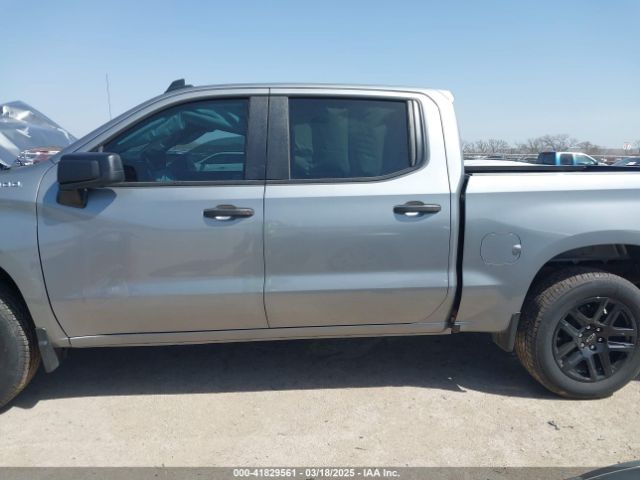 3GCPABEK4RG279124 Chevrolet Silverado 1500 2wd  Short Bed Custom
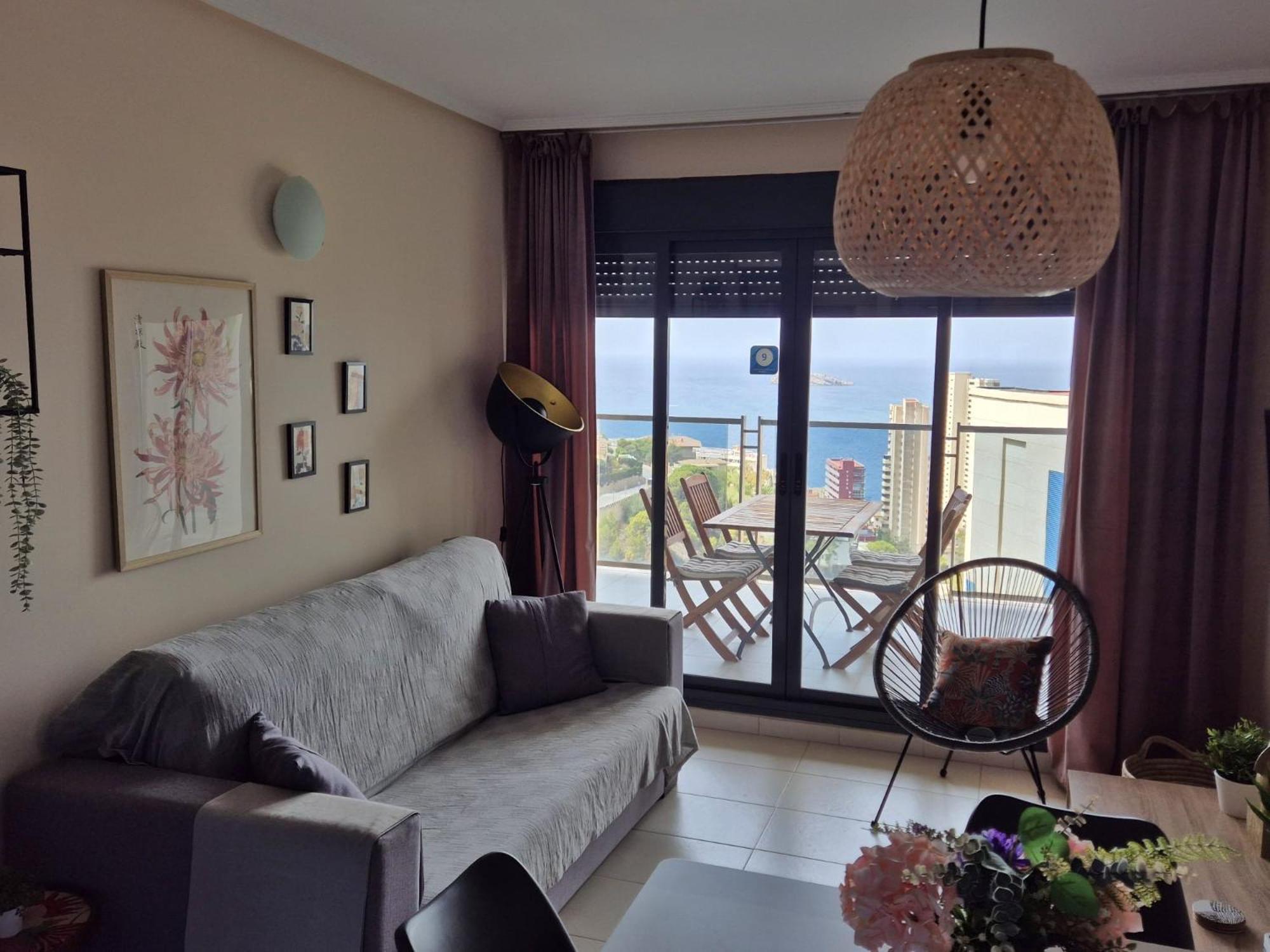 Lujoso Con Vistas Al Mar En Mirador Del Mediterraneo By Gestaltur Apartment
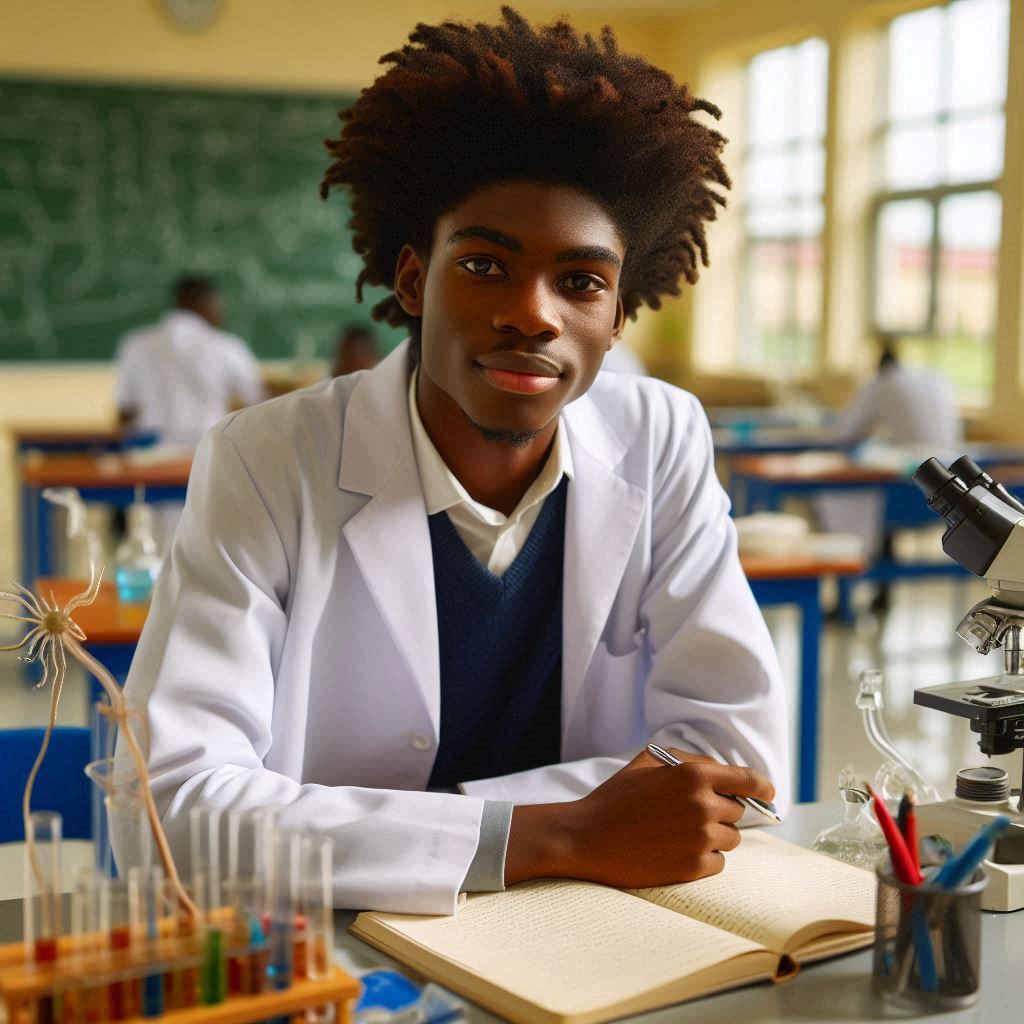 Practical Tips for Biology Teachers in Nigeria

● **Task details**: The listing above is to be written out again exactly, with its pictures omitted.

● **Task solution**:
 3GCPABEK4RG279124 Chevrolet Silverado 1500 2wd  Short Bed Custom
 Lujoso Con Vistas Al Mar En Mirador Del Mediterraneo By Gestaltur Apartment
 Practical Tips for Biology Teachers in Nigeria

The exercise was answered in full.